## Information supplied
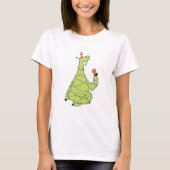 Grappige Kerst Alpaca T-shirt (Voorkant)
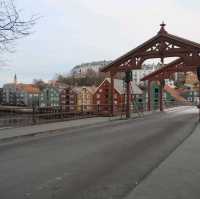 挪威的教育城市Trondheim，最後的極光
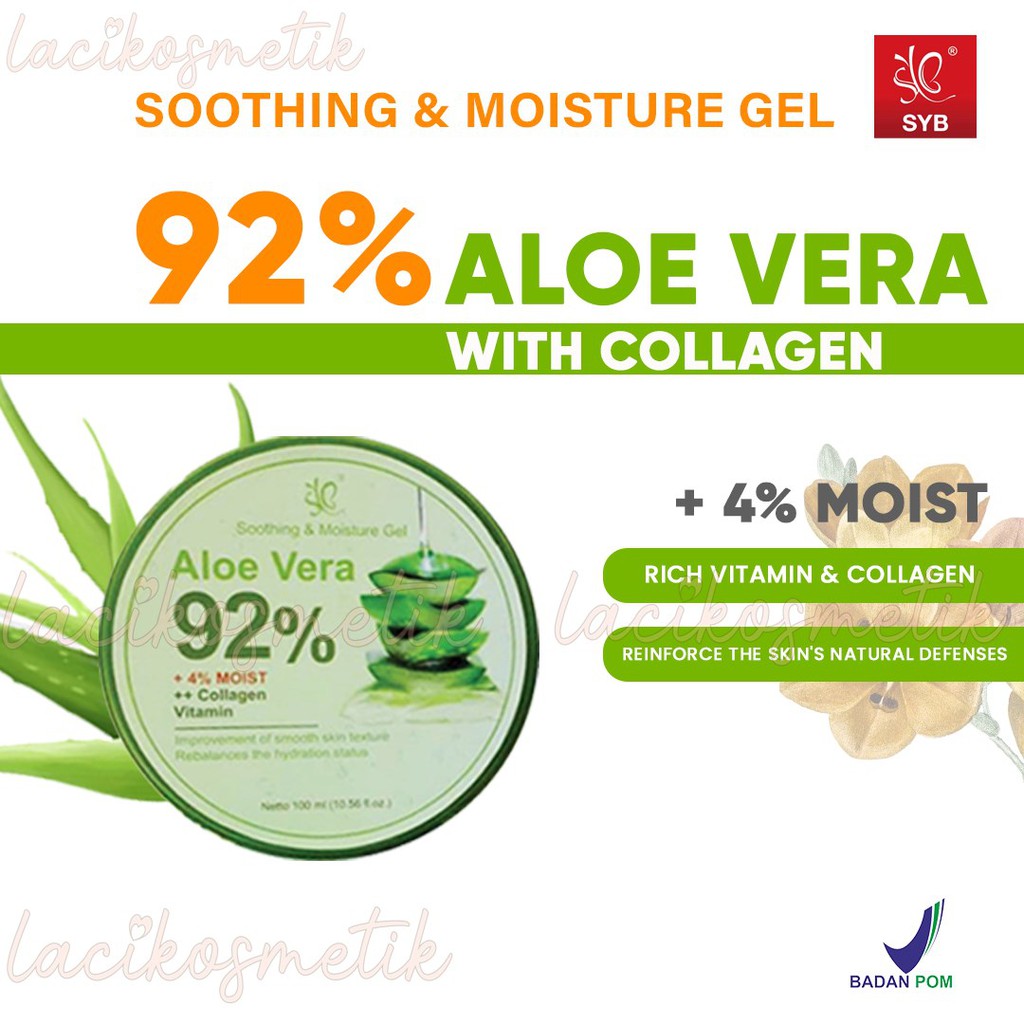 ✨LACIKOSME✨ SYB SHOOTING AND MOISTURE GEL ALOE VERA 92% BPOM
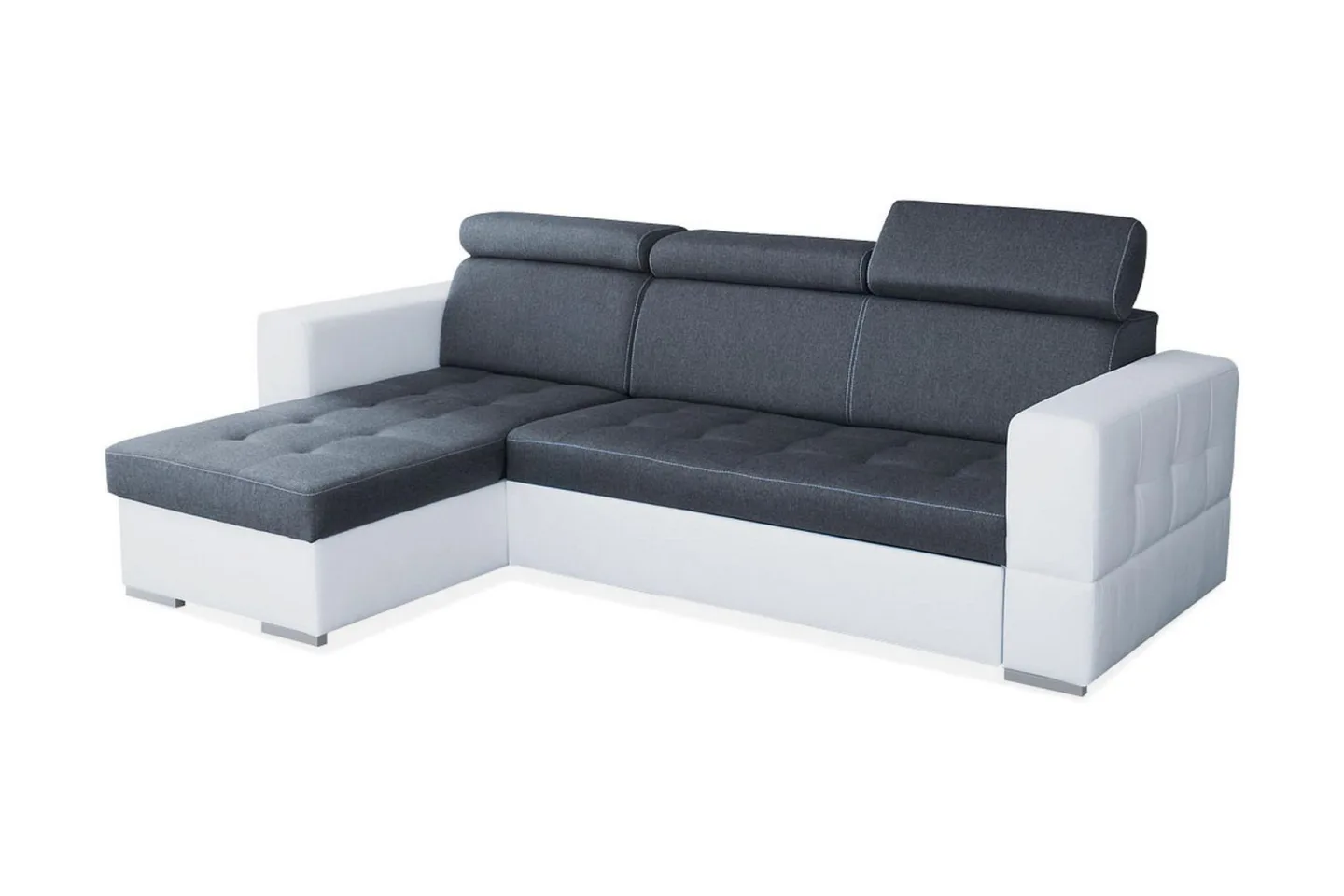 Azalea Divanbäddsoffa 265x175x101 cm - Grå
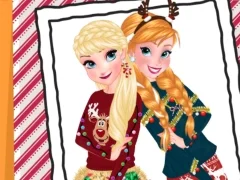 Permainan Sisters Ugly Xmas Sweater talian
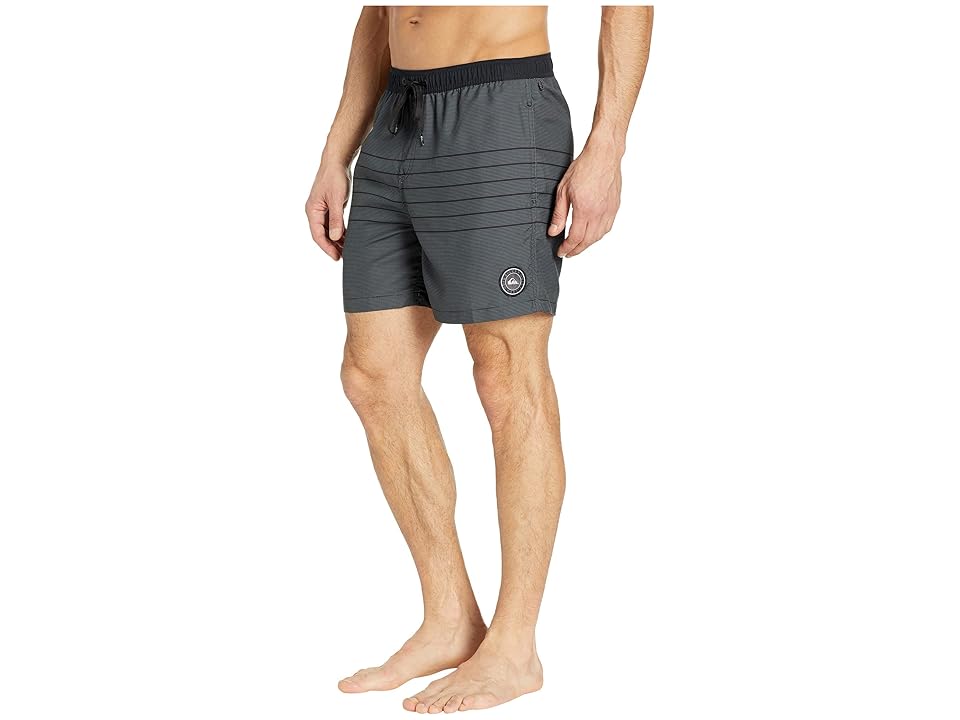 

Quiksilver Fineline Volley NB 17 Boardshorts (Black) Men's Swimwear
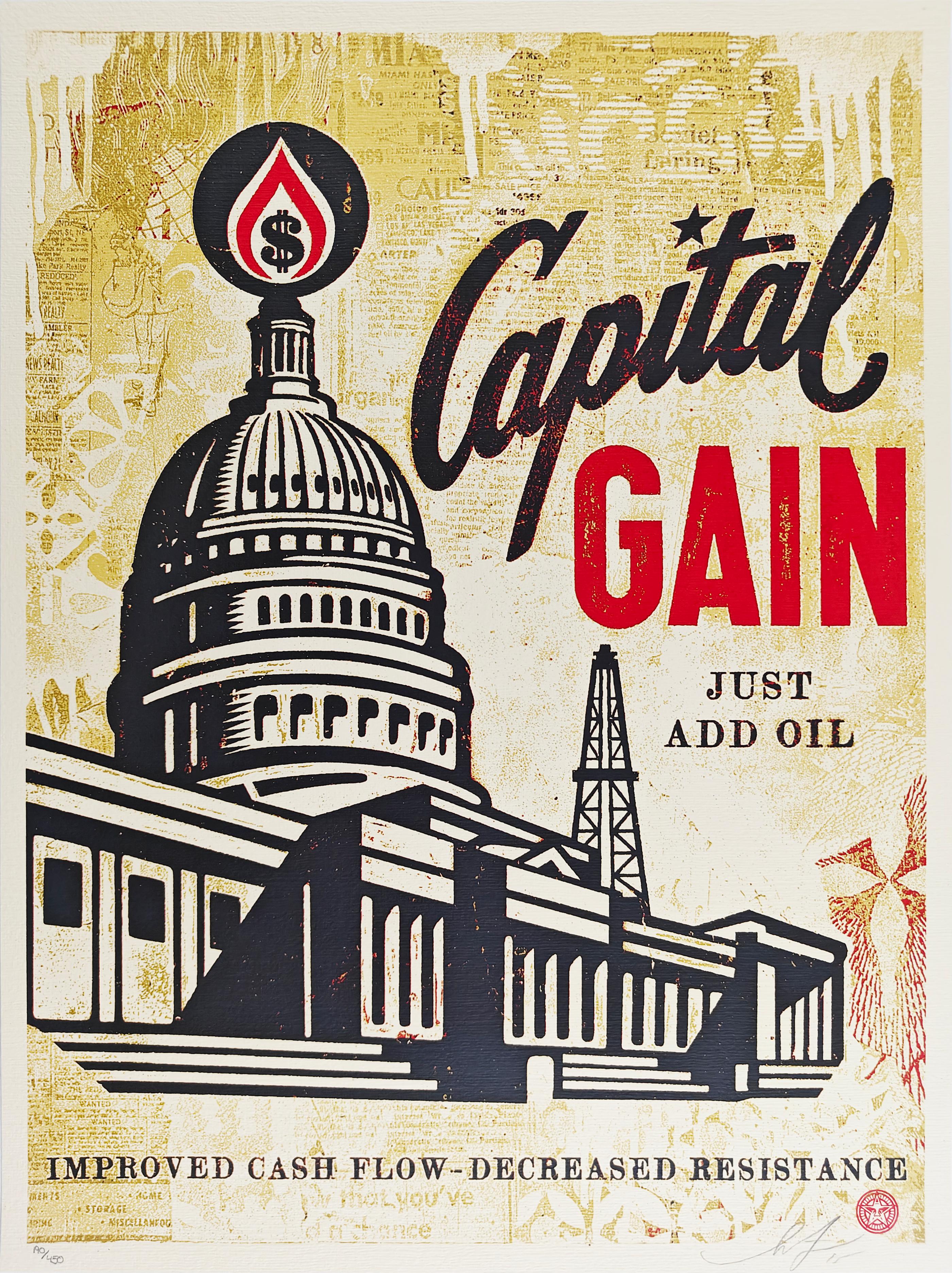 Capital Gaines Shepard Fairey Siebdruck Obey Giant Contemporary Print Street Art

## Required action
Return the data exactly. Do not carry over any images.

## Answer to this problem
 Grappige Kerst Alpaca T-shirt (Voorkant)
 挪威的教育城市Trondheim，最後的極光
 ✨LACIKOSME✨ SYB SHOOTING AND MOISTURE GEL ALOE VERA 92% BPOM
 Azalea Divanbäddsoffa 265x175x101 cm - Grå
 Permainan Sisters Ugly Xmas Sweater talian

Quiksilver Fineline Volley NB 17 Boardshorts (Black) Men's Swimwear
 Capital Gaines Shepard Fairey Siebdruck Obey Giant Contemporary Print Street Art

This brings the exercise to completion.